Open dunalduck0 opened 4 years ago

dunalduck0 commented 4 years ago

Description

I am following "Text Classification of MultiNLI Sentences using BERT" to train a binary classifier on my data. One thing special about my data is that the training labels are noisy. Following the paper on weak supervision training, one solution is to use "noise-aware" loss function. I think it could be realized by allowing a "weight" to each training sample so that each sample is weighted differently when computing loss. But I didn't find anyway in the code to add this ability. Note that this is different from allowing weights on each label class as in CrossEntropyLoss

Other Comments

saidbleik commented 4 years ago

You can do so by sampling your examples based on some distribution.

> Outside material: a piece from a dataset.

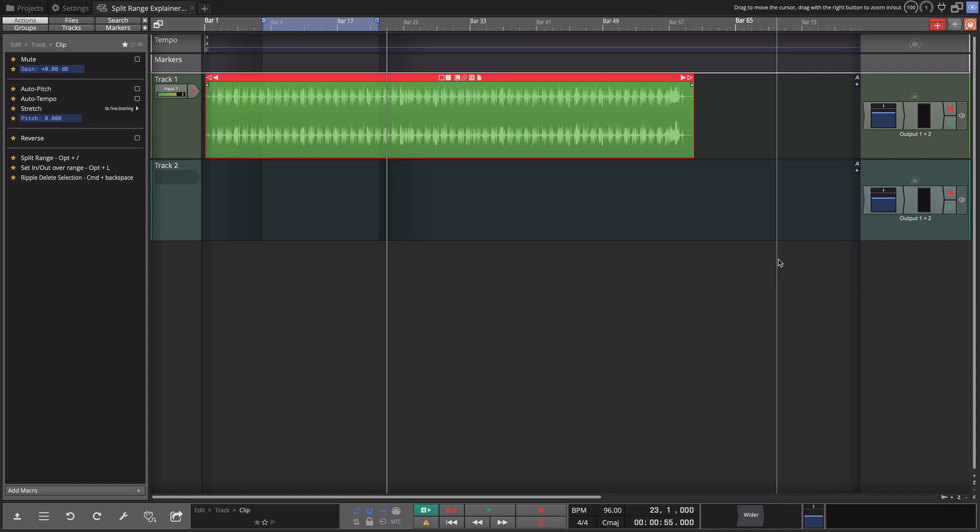Hi and welcome back. In this video I'm continuing to look at using range selection in Waveform. I'm on Waveform 11.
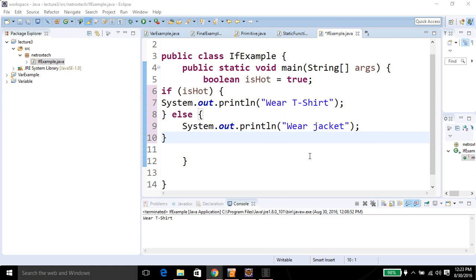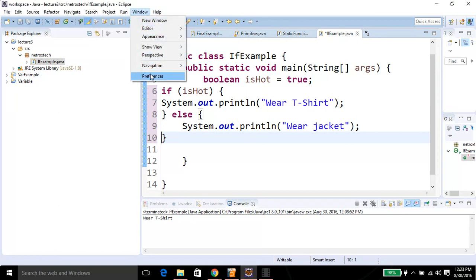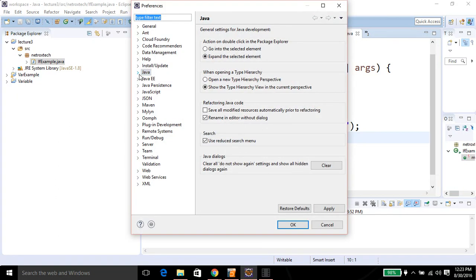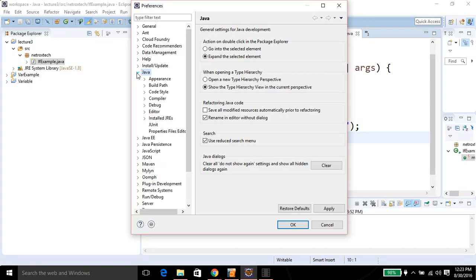To auto format code in Eclipse, you need to start the Eclipse IDE, then click on Window, then Preferences. You can see Java over here — click on it, then click on Editor.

You can also do that by using a torch.utils.data.WeightedRandomSampler instead of the existing RandomSampler here: https://github.com/microsoft/nlp-recipes/blob/staging/utils_nlp/models/transformers/sequence_classification.py#L257

daden-ms commented 4 years ago

@dunalduck0 My immediate thought on this issue is that you need to pass in the weight through batch function and multiply the weight to the input_ids in https://github.com/microsoft/nlp-recipes/blob/staging/utils_nlp/models/transformers/sequence_classification.py#L76. To make the weight explainable, you probably need to avoid the case where only max_steps is specified because in your last epoch you may not iterate the whole dataset.